Indian police on Wednesday cleared protesters trying to stop women from accessing one of Hinduism’s most sacred sites, a hilltop temple forced by judges to open its doors to all female pilgrims for the first time.
The Supreme Court in September overturned a ban on women of menstruating age, between 10 and 50, entering and praying at the Ayyappa temple at Sabarimala in the southern state of Kerala.
This enraged traditionalists, including supporters of Prime Minister Narendra Modi’s Hindu nationalist Bharatiya Janata Party (BJP), with protests by thousands of people ahead of the scheduled opening on Wednesday afternoon.
In recent days groups of chanting women opposed to the court’s decision have stopped vehicles along the route and at Nilackal, the base camp below the temple, preventing other women from proceeding.
But early Wednesday police broke up the protests at Nilackal to allow hundreds of devotees, male and female, to proceed in buses towards the temple. The final seven kilometers will then be made by pilgrims on foot.
“We arrested seven people,” said police chief Manoj Abraham, in charge of 500 officers at Nilackal.
“Anyone who wants to go to the temple will be able to do so without hindrance.”

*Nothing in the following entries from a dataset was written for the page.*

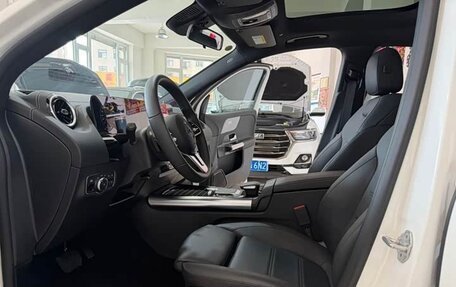 Mercedes-Benz GLA, 2023 год, 3 200 000 рублей, 8 фотография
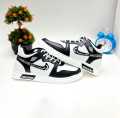 Premium skateboard shoes Collection 2024 Better Choice Stylish And Fashionable Exclusive Sneakers For Man by Trendy Man women. 
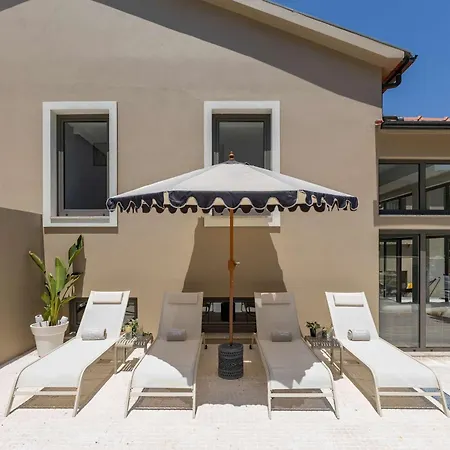 بيت للعطل Canopy House By Portgual Active I Heated Pool *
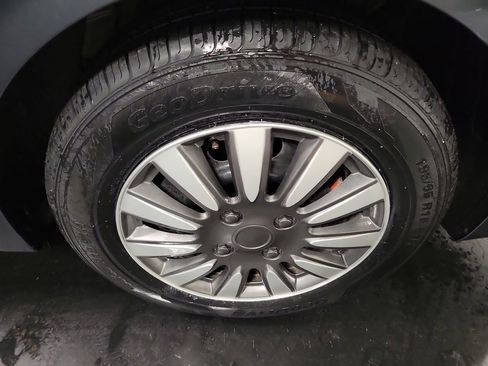 Used 2020 Kia Forte Sedan FWD image 11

“Stern action will be taken against anyone who prevents devotees from going to Sabarimala,” Kerala’s Chief Minister Pinarayi Vijayan said on Tuesday.

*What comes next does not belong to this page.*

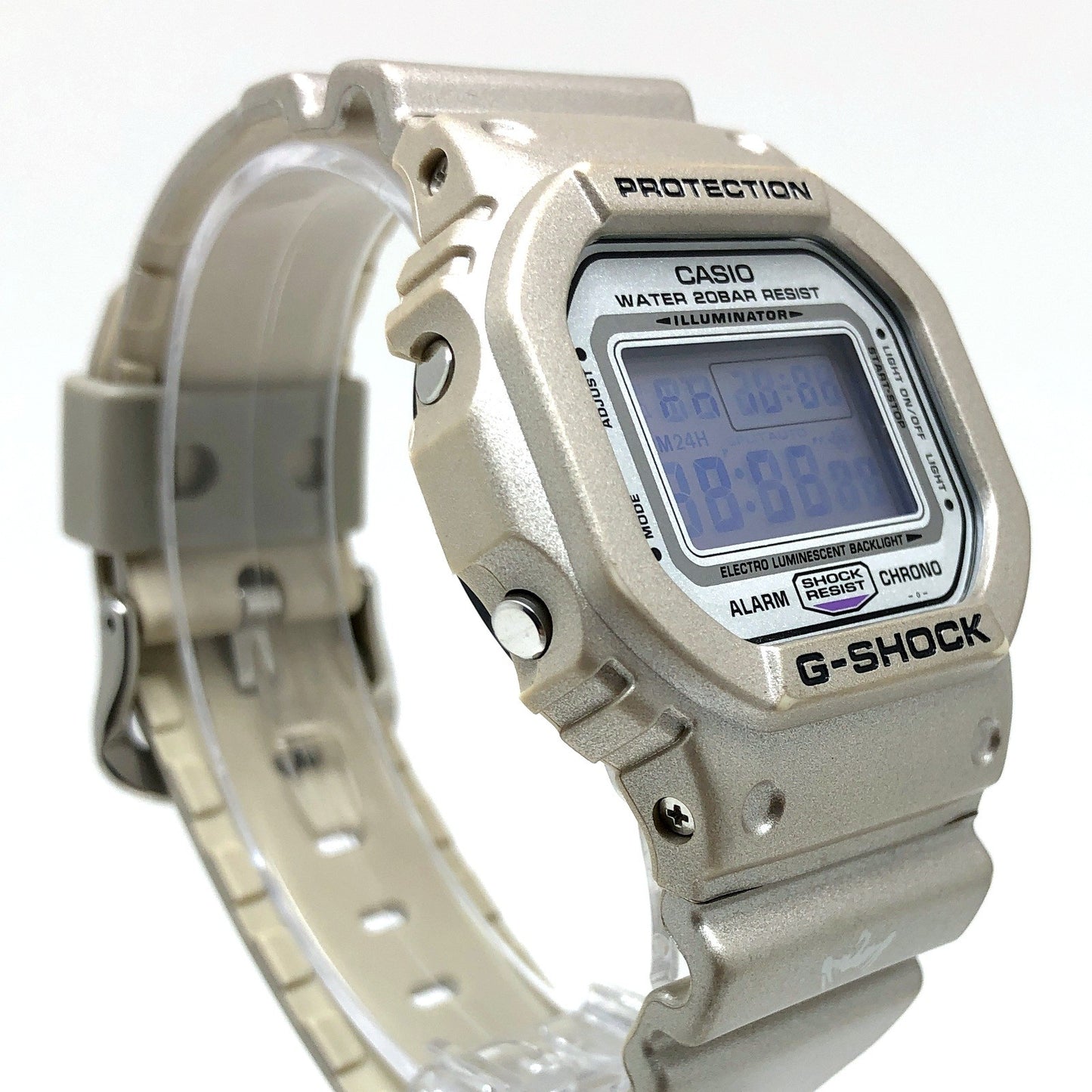 DW-5600CG-8Z スコーピオン(サソリ) シルバーゴールドメタリック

But traditionalist demonstrators remained defiant, including Biju S. Pillai, a local man in his 30s who said he returned from working in Dubai to “protect the sanctity of the temple” with his mother and young son.
“No one should be able to change the way this temple has functioned for centuries,” he told AFP. “If any change is made they will have to kill us and go over our bodies.”